Manchester, Leeds, Sheffield and Liverpool universities risk funding and job cuts as north slips in academic research rankings
Northern universities such as Manchester, Leeds, Sheffield and Liverpool are at risk of having their funding slashed and may be forced to cut some staff, after a league table assessing the quality of research in the UK saw them all drop down the list.
Oxford came top in the research stakes again, with UCL moving into second place ahead of cambridge, since the last league was released by the Higher Education Funding Council for England in 2008.
The Research Excellence Framework (REF) will be used to allocate funding of around £2bn a year to universities between 2015 and 2021.
The listings have been a source of controversy; in the past a poor rating has led to academic staff losing their jobs.
Critics of the REF have said it's not fit for purpose, that it discourages innovation, and has created an atmosphere of unwanted competitiveness and bullying. It has been met with heavy criticism from a number of academics.

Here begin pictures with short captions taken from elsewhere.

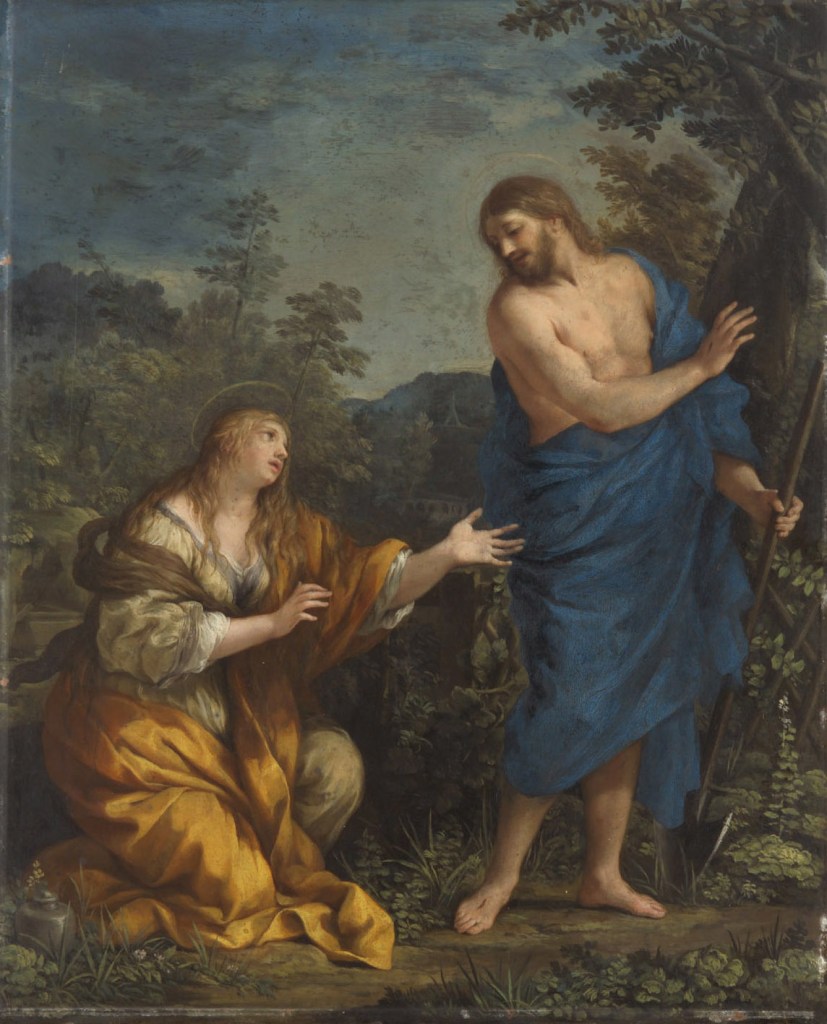 Rappresentazione di Maria Maddalena e Gesù, con Maddalena inginocchiata e vestita con abiti dai toni caldi, mentre Gesù, con un telo blu, si gira verso di lei in un contesto naturale.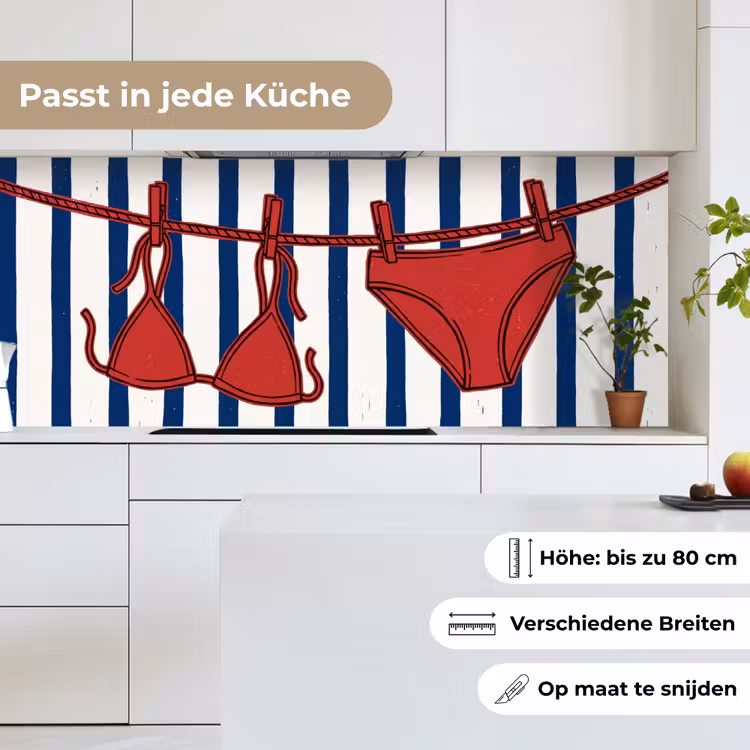 Badkleding - Waslijn - Zomer - Illustratie - Rood keuken achterwand 2 middel -sfeer4_DE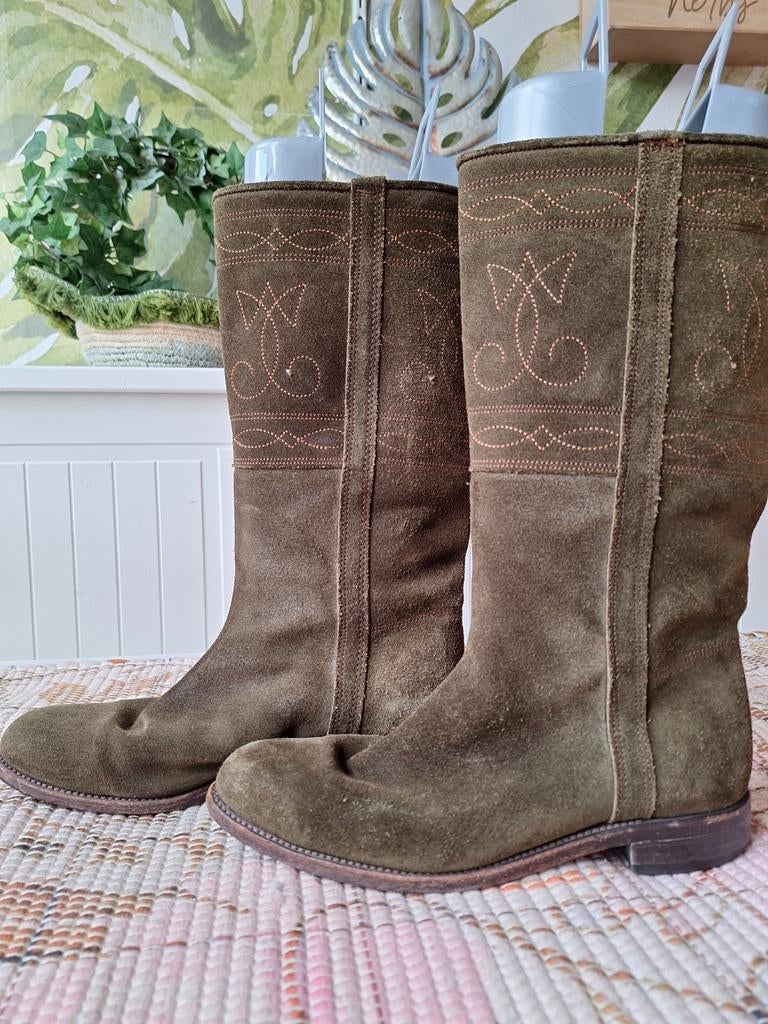 Paul warmer groen suede laarzen maat 41, Ophalen of Verzenden, Gedragen, Groen, Hoge laarzen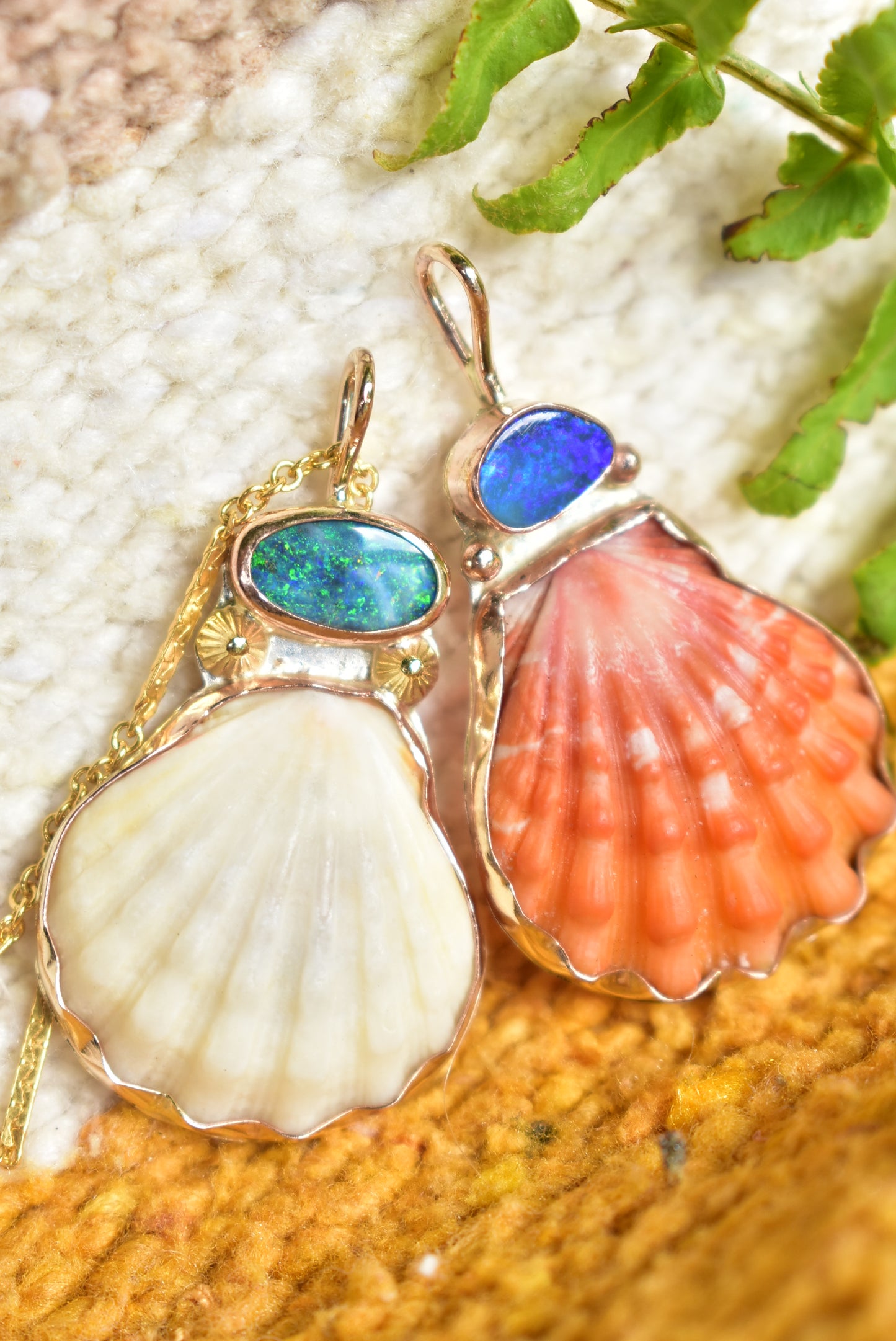 Albino sunrise opal pendant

Manchester University slipped from fourth to fifth, Leeds dropped from eight to 10th, Sheffield ninth to 12th and Liverpool was the biggest loser, falling from 18th to 22nd.
William Cullerne Bown, founder and executive chairman of Research Fortnight, said: "The biggest losers are Manchester, Liverpool, Sheffield, Birmingham, and Leeds. The North is taking a hammering. Oxbridge wins. London wins bigger. Almost everyone else in England loses."
Staff at Warwick University have already been told that their jobs may be at risk if they failed to meet a research income target, reported the Independent.